### EXERCISE AIM
Only the lines from the one containing "5844 Washburn Ave" through the end of the entries are to be copied, exactly and without pictures, please.

Start of Block

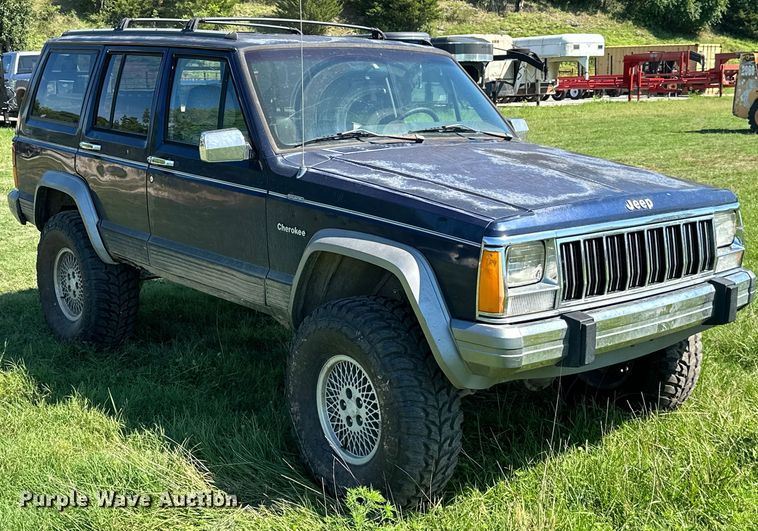 image for item ML9191 1996 Jeep Cherokee  SUV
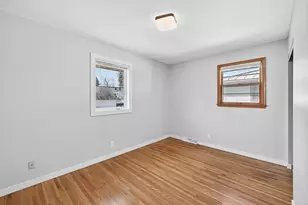 5844 Washburn Ave S, Minneapolis, MN 55410 - Photo 14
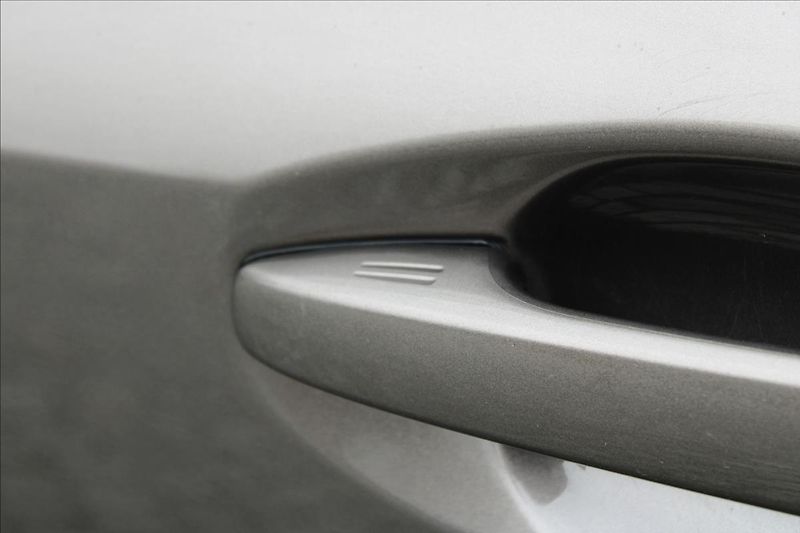 Subaru Outback 2.5i AWD / Touring / DPH / CZ - fotka 34 z 41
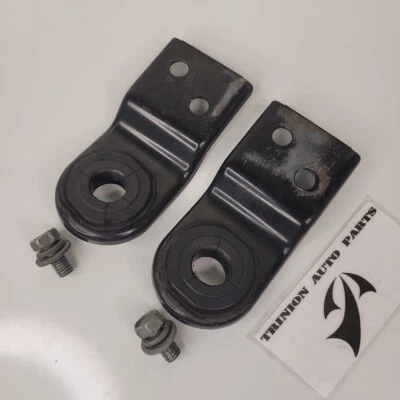 Soportes de montaje de radiador deportivos Mitsubishi Montero 1997-2003 negros con pernos OEM Foto 1 de 4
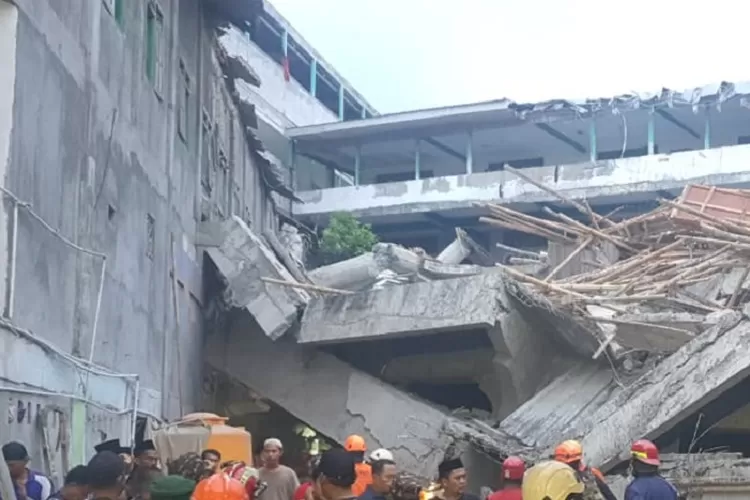 Tim SAR dan relawan melakukan evakuasi korban ambruknya bangunan Ponpes Al Khoziny di Sidoarjo, Selasa pagi. (Dok. BPBD Kabupaten Sidoarjo)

End of Block

### THE ANSWER
 5844 Washburn Ave S, Minneapolis, MN 55410 - Photo 14
 Subaru Outback 2.5i AWD / Touring / DPH / CZ - fotka 34 z 41
 Soportes de montaje de radiador deportivos Mitsubishi Montero 1997-2003 negros con pernos OEM Foto 1 de 4
 Tim SAR dan relawan melakukan evakuasi korban ambruknya bangunan Ponpes Al Khoziny di Sidoarjo, Selasa pagi. (Dok. BPBD Kabupaten Sidoarjo)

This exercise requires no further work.